## WORK ITEM
Reproduce the listing below word for word, with no pictures.

## DATA BLOCK
################

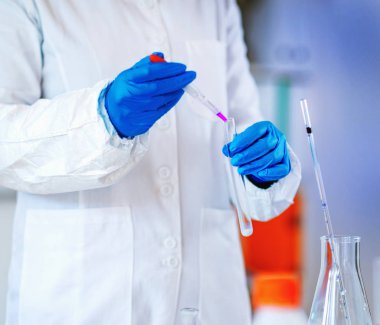 Laboratuvarda çalışan araştırmacı, yakın çekim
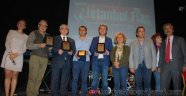 İstanbul Flaş Gazetesi 2016 Onur Ödülleri Verildi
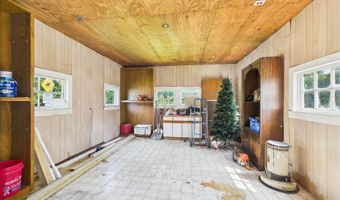 2314 W 8th St, Anderson, IN 46016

################

## PROBLEM SOLUTION
 Laboratuvarda çalışan araştırmacı, yakın çekim
 İstanbul Flaş Gazetesi 2016 Onur Ödülleri Verildi
 2314 W 8th St, Anderson, IN 46016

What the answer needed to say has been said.